I remember right after having Greyson, exclaiming to my Midwife, I just could not believe this tiny little thing was actually mine.
I said, "I can't believe she's mine!" Those words still get me today.
She was so teeny and cute and squeaky. Such a gift I had never experienced before, obviously.
I couldn't believe I was being entrusted with her ...
I couldn't believe that this precious little girl was what was moving all around inside me for the past 9 months.
I couldn't believe we would get to raise her and love her...and just have her as ours.
I couldn't believe how pretty she was.
I loved how she was born on June 11 and I was born on July 11, I loved that for some reason.
I couldn't believe she was mine.
As we try to celebrate her 2nd birthday today, I have been reminded of those words that came out of my mouth on this day exactly 2 years ago. I have been really off and on sad, mad, bitter, happy for her that today...she isn't really mine.
She isn't mine like I wish she was. She will be mine one day, but today she is the Lord's.

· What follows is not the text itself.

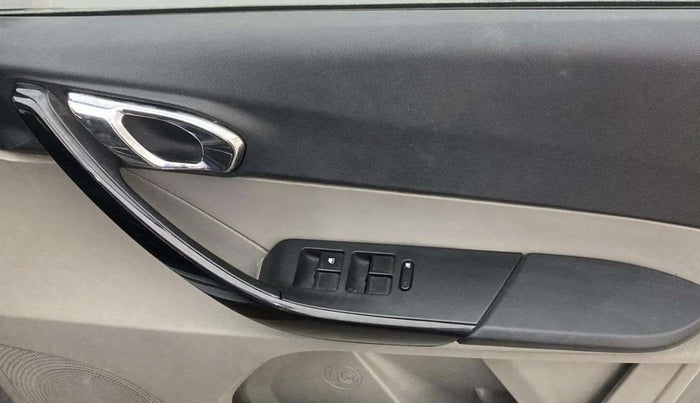 2018 Tata Tiago XZ PETROL, Petrol, Manual, 43,507 km, Driver Side Door Panels Control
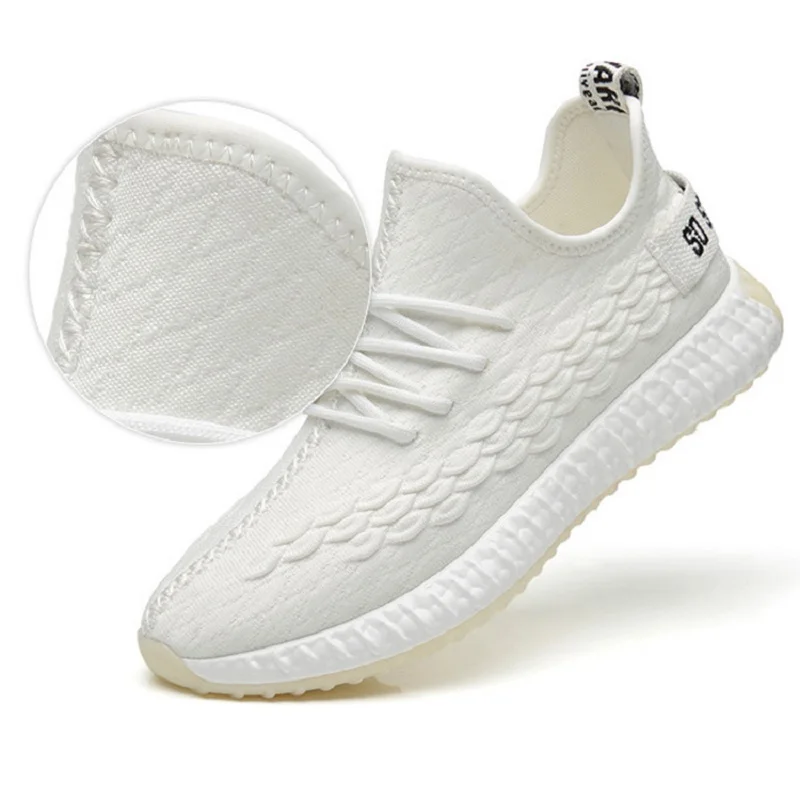 New summer men's shoes driving soft soled shoes men's wear-resistant breathable light running shoes fly woven sports shoes
New summer men's shoes driving soft soled shoes men's wear-resistant breathable light running shoes fly woven sports shoes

She is His, as she runs through the pastures and streams and gardens of Heaven.
And she always was truly His. A gift He sent... on lease to us... for 2 short days that have changed my life forever.

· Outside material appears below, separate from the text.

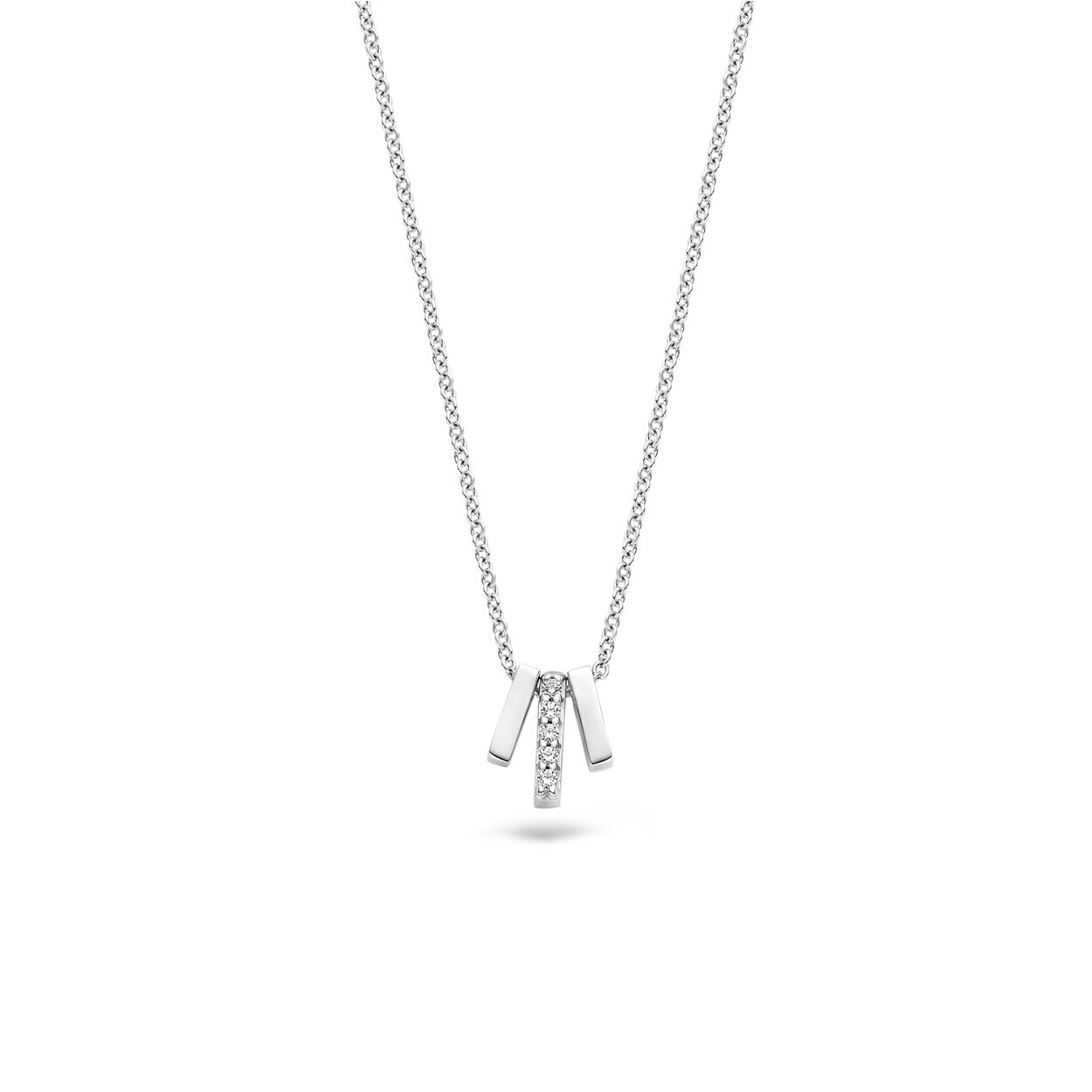 Blush Jewels worden met zorg, liefde en oog voor detail gemaakt van 14 karaat goud. Dit collier { 3122WZI } is een subtiele blikvanger, door de combinatie van het witgouden collier en de staafjes als detail.De zirkonias in het middelste staafje laten de hanger sprankelen en maken dit collier tot de perfecte "finishing touch" voor iedere gelegenheid.Blush Jewels worden geleverd in een Blush cadeauverpakking. 
Wear your Blush. - Wear your Blush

We only got to enjoy her for what seems like minutes now, which I realize is more than some, but it will never be enough as I go about my life.
Wondering what we would have been up to today in my perfect world- opening pink presents, having a pink cake, picking out pink balloons, spending time with family, eating all her favorite foods.

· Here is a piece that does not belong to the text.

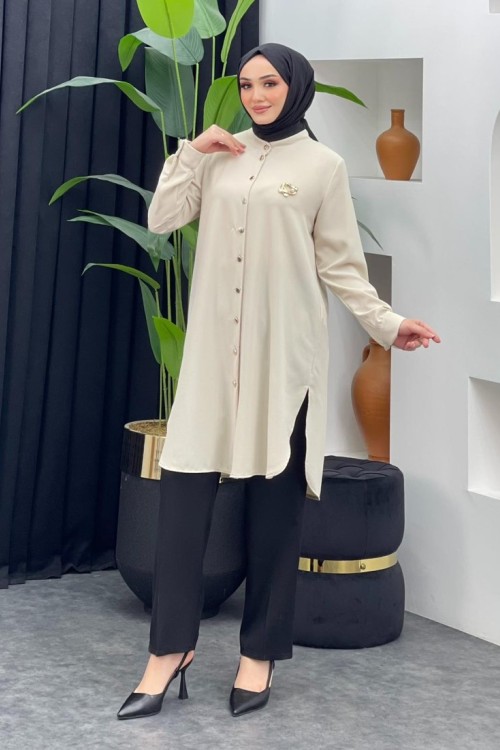 Elçin Tunik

Would she have a younger sibling by now? Wow, weird to even type out seeing as we have little Blakely... who probably wouldn't be here so soon after her big sister- I am sure of it. Would they love each other? The only type of interaction I get to slightly imagine is the way Blakely adores and loves to cuddle with our Greyson Bear...
Asking the Lord today to hold her and cuddle with her like I would be doing, to tell her secrets about her Mom and Dad and her little sister that get her so excited to meet us, she forgets she may be a little sad that we aren't there yet.
Missing her more than words....
So glad she was mine for a day or two...
Wishing it was so much longer...
Thankful that she has changed my life in 2 short days
And that she will be mine again very soon.
Happy Second Birthday to my sweet Baby Girl.
still can't believe she left. perfect little doll. so thankful for her.